Nearly 40 years ago, a year-long investigation by a Senate committee chaired by Frank Church (D-Idaho) uncovered a history of U.S. intelligence agencies scrutinizing Americans engaged in lawful activities. The snooping was both vast and shocking.
From the Church Committee report:
●“Nearly a quarter of a million first class letters were opened and photographed in the United States by the CIA between 1953-1973, producing a CIA computerized index of nearly one and one-half million names.
●“At least 130,000 first class letters were opened and photographed by the FBI between 1940-1966 in eight U.S. cities.
●“Some 300,000 individuals were indexed in a CIA computer system and separate files were created on approximately 7,200 Americans and over 100 domestic groups during the course of CIA’s Operation CHAOS (1967-1973).
●“An estimated 100,000 Americans were the subjects of United States Army intelligence files created between the mid-1960’s and 1971.
●“Intelligence files on more than 11,000 individuals and groups were created by the Internal Revenue Service between 1969 and 1973 and tax investigations were started on the basis of political rather than tax criteria.”
Back then, the Cold War and fear of foreign subversion prompted our federal government to surveil U.S. citizens.
Then, the threat was communism. Now, it’s terrorism.
But the information being amassed is not just a record of phone calls, callers’ location and lengths of conversations. The government is also collecting millions of contact lists from e-mail and instant-messaging accounts around the world, The Post reported last fall.
Spying used to take place by secretly opening postal mail. Now, government surveillance is conducted by sophisticated electronics.
And along the way, when there is public furor over intelligence excesses — as happened after the release of the Church report — note that the government’s powers seem to broaden.
Witness the USA Patriot Act, which Congress passed by overwhelming, bipartisan margins after the Sept. 11, 2001, attacks. The law gave the government new tools to detect and prevent terrorism, including sweeping surveillance powers.
Cold War spy rings were not figments of the imagination.
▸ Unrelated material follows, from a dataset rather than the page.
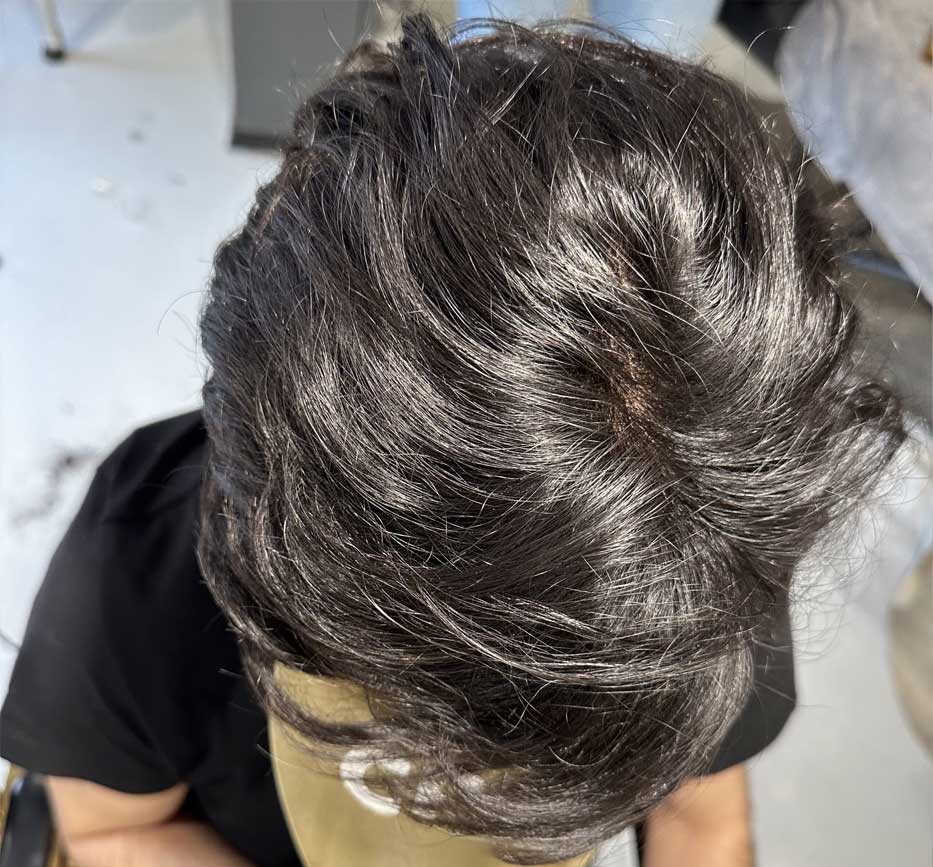 trichology hair loss treatment San Diego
And American spies did send secrets to the Soviets. FBI agent Robert Hanssen was a spy for Russia. So, too, the CIA’s Aldrich H. Ames, who compromised a trove of U.S. assets.
Likewise, the 9/11 attacks and the 1993 World Trade Center bombing were horrors planned, financed and executed by foreign terrorists. “Shoe bomber” Richard Reid and “underwear bomber” Umar Farouk Abdulmutallab weren’t lone wolves: Both were trained by terrorists and furnished with instruments of destruction.
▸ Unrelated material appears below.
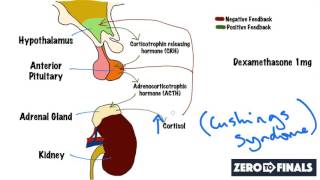 Methotrexate  Adverse Effects and Monitoring [upl. by Amund]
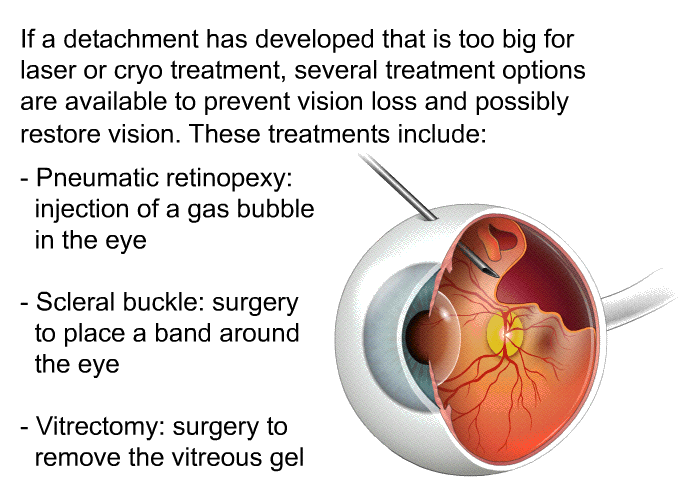 If a detachment has developed that is too big for laser or cryo treatment, several treatment options are available to prevent vision loss and possibly restore vision. These treatments include  Pneumatic retinopexy: injection of a gas bubble in the eye Scleral buckle: surgery to place a band around the eye Vitrectomy: surgery to remove the vitreous gel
But tensions remain between protecting Americans and defending the civil liberties enshrined in the Bill of Rights.
Administrations of both parties have embraced measures and investigative techniques to fend off foreign assaults on the home front.
At issue today, as in the past: Who or what can impose restraint on government power that threatens its own citizens? Can the executive branch be counted upon to check itself? The Founders answered that question with their system of checks and balances.
When the system tilts, lopsided, agencies go unsupervised, telegrams are read, letters opened, cellphone calls collected — and government, uncontrolled and unaccountable, goes where it doesn’t belong.